Nadie apuesta en este mundo por los vencidos, tal vez sólo las propias
víctimas, como muchas mujeres oscurecidas, ninguneadas y apartadas. El
trabajo de las mujeres ha sido siempre en muchas sociedades anónimo y
escondido, no fue menos en época de Jesús, pero él quería enfrentarse
también a esa injusticia. Ni los discípulos fueron capaces de ver la
realidad, sólo una mujer anónima tomará la iniciativa de forma profética
y pudo administrarle la unción, la extremaunción. Esa mujer creativa,
generosa, representa la misericordia y el amor en la entrega, se da a sí
misma.
Ahora
siguen existiendo muchas mujeres anónimas, muchas mujeres silenciadas y
dedicadas a tiempo completo a sus hijos, marido, padres, nietos en la
necesidad, el dolor, la vejez, las enfermedades crónicas, las
dificultades económicas. Muchas Marías de Betania, de Nueva York,
Madrid, Roma.
Mary vive
en Nueva York, dejó su trabajo para dedicarse a tiempo completo a su
marido enfermo de Parkinson, ahora está agotada. No recibe ninguna
ayuda, ni de instituciones, ni de familiares cercanos. A pesar de todo,
sigue derramando el perfume de su amor y generosidad cuando acaricia y
acuesta a su marido.
En Madrid
encontramos a otra María, tiene 50 años, ha renunciado a una vida de
familia al servicio de sus padres y hermanos. El padre enfermo de
alzheimer y la madre en una silla de ruedas por una cadera fracturada.

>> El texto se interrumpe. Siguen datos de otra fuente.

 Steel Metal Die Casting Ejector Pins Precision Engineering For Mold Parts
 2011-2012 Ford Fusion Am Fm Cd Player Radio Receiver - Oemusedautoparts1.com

Está agotada, pero su sonrisa no se descuelga de su rostro como un gran
frasco del mejor perfume derramado.
Marie
vive en París, tiene 60 años, siempre pendiente de su hija de 35 con
esclerosis múltiple avanzada. Alguna vez con depresión y ansiedad, pero
tiene una entrega sin límites, lleva la silla de ruedas, la baña con
mucho cariño y ahora recibe la ayuda de su otra hija. Lo que le hace más
llevadero esos momentos difíciles que se ven superados con una gran
amor y con una preparación cada vez más eficaz.
Mariam
está en un campo de refugiados fuera de Siria, vive en la misma tienda
que sus hijos y nietos, viendo como sus nietos dejan la infancia entre
las lonas del campo, entre el barro y sin agua cercana. Ya ha sufrido
demasiado su casa había sido bombardeada y estaba en ruinas, ahora
quiere para sus nietos y sus hijos un futuro mejor. Desarrolla cada día
el perfume de la paciencia y una gran sonrisa en la soledad del campo.
Esta
entrega de muchas mujeres anónimas, ha provocado que muchas de ellas
sean condenadas al aislamiento, al sufrimiento, incluso a la muerte. Son
ellas, muchas desconocidas, las que sacan proyectos sociales y
sostienen a las familias en África, Asia y Latinoamérica. A veces, estas
mujeres van más allá del cuidado, en un compromiso de resistencia a la
opresión en favor de la dignidad humana. Hoy, como ayer, muchas mujeres
derrochan su perfume de la generosidad y de la misericordia, en la
enfermedad, en la muerte. Como María de Betania existe otro modo de
escuchar la palabra, tiene más que ver con las entrañas que con el oído,
ellas captan matices que van más allá del amor, apuntando al centro de
la misericordia.
Mientras crece la noche, cada día
prende el Amor su llama
en tu candil de aceite desvelado,
siempre igual y creciente.
El pan de tus moliendas se cuece, cada día,
bajo el fuego tranquilo de tus ojos,
mientras crece también la madrugada.
La fuente de la plaza te entrega, cada día, su limosna
mientras le crece el corazón al mundo.